[Items listed in a dataset]
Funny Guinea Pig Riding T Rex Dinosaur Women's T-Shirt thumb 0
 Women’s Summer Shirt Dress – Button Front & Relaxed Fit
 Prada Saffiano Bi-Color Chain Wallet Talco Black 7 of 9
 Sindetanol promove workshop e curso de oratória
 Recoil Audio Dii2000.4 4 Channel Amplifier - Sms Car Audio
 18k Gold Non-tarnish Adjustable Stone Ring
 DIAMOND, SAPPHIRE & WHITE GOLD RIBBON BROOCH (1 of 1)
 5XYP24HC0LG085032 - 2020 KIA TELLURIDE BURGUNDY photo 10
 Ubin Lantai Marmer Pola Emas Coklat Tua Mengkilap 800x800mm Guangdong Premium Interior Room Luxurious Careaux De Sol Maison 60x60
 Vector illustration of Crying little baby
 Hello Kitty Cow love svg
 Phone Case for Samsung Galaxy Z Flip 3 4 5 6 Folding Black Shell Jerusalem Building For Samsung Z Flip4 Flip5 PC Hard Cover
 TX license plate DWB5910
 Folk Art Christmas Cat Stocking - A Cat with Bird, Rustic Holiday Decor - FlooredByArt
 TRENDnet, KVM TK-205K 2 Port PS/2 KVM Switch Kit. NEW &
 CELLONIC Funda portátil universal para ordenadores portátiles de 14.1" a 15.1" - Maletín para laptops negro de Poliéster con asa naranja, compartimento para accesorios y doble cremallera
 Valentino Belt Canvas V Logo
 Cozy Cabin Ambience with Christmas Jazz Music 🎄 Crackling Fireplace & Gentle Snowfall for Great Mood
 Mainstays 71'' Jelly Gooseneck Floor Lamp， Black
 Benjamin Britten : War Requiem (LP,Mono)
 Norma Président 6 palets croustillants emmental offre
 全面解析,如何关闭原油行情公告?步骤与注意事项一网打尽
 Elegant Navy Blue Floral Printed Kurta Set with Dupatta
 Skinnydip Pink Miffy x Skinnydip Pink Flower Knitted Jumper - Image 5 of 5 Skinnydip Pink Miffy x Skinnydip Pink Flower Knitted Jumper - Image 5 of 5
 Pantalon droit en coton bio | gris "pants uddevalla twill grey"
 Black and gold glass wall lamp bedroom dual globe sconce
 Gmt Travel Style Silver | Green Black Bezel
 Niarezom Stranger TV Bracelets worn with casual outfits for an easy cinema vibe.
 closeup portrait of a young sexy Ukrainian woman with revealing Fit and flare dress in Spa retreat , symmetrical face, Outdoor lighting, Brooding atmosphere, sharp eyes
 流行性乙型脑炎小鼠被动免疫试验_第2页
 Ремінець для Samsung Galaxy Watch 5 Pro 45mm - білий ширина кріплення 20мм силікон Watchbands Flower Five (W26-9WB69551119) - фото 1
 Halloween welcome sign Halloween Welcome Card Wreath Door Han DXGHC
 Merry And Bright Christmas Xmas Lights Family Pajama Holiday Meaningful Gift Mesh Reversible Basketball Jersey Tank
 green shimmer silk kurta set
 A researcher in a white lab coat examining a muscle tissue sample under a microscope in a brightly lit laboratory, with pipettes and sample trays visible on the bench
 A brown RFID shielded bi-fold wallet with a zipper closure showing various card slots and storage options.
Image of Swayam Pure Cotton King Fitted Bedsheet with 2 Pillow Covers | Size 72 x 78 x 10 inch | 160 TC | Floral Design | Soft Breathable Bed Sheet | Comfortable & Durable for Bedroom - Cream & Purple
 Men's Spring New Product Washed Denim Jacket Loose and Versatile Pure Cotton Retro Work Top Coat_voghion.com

ABOUT THIS TASK:
Exactly the lines from the one containing "TX license plate DWB5910" through the final line of the records must appear in your reply, and no others.

FINISHED TASK:
 TX license plate DWB5910
 Folk Art Christmas Cat Stocking - A Cat with Bird, Rustic Holiday Decor - FlooredByArt
 TRENDnet, KVM TK-205K 2 Port PS/2 KVM Switch Kit. NEW &
 CELLONIC Funda portátil universal para ordenadores portátiles de 14.1" a 15.1" - Maletín para laptops negro de Poliéster con asa naranja, compartimento para accesorios y doble cremallera
 Valentino Belt Canvas V Logo
 Cozy Cabin Ambience with Christmas Jazz Music 🎄 Crackling Fireplace & Gentle Snowfall for Great Mood
 Mainstays 71'' Jelly Gooseneck Floor Lamp， Black
 Benjamin Britten : War Requiem (LP,Mono)
 Norma Président 6 palets croustillants emmental offre
 全面解析,如何关闭原油行情公告?步骤与注意事项一网打尽
 Elegant Navy Blue Floral Printed Kurta Set with Dupatta
 Skinnydip Pink Miffy x Skinnydip Pink Flower Knitted Jumper - Image 5 of 5 Skinnydip Pink Miffy x Skinnydip Pink Flower Knitted Jumper - Image 5 of 5
 Pantalon droit en coton bio | gris "pants uddevalla twill grey"
 Black and gold glass wall lamp bedroom dual globe sconce
 Gmt Travel Style Silver | Green Black Bezel
 Niarezom Stranger TV Bracelets worn with casual outfits for an easy cinema vibe.
 closeup portrait of a young sexy Ukrainian woman with revealing Fit and flare dress in Spa retreat , symmetrical face, Outdoor lighting, Brooding atmosphere, sharp eyes
 流行性乙型脑炎小鼠被动免疫试验_第2页
 Ремінець для Samsung Galaxy Watch 5 Pro 45mm - білий ширина кріплення 20мм силікон Watchbands Flower Five (W26-9WB69551119) - фото 1
 Halloween welcome sign Halloween Welcome Card Wreath Door Han DXGHC
 Merry And Bright Christmas Xmas Lights Family Pajama Holiday Meaningful Gift Mesh Reversible Basketball Jersey Tank
 green shimmer silk kurta set
 A researcher in a white lab coat examining a muscle tissue sample under a microscope in a brightly lit laboratory, with pipettes and sample trays visible on the bench
 A brown RFID shielded bi-fold wallet with a zipper closure showing various card slots and storage options.
Image of Swayam Pure Cotton King Fitted Bedsheet with 2 Pillow Covers | Size 72 x 78 x 10 inch | 160 TC | Floral Design | Soft Breathable Bed Sheet | Comfortable & Durable for Bedroom - Cream & Purple
 Men's Spring New Product Washed Denim Jacket Loose and Versatile Pure Cotton Retro Work Top Coat_voghion.com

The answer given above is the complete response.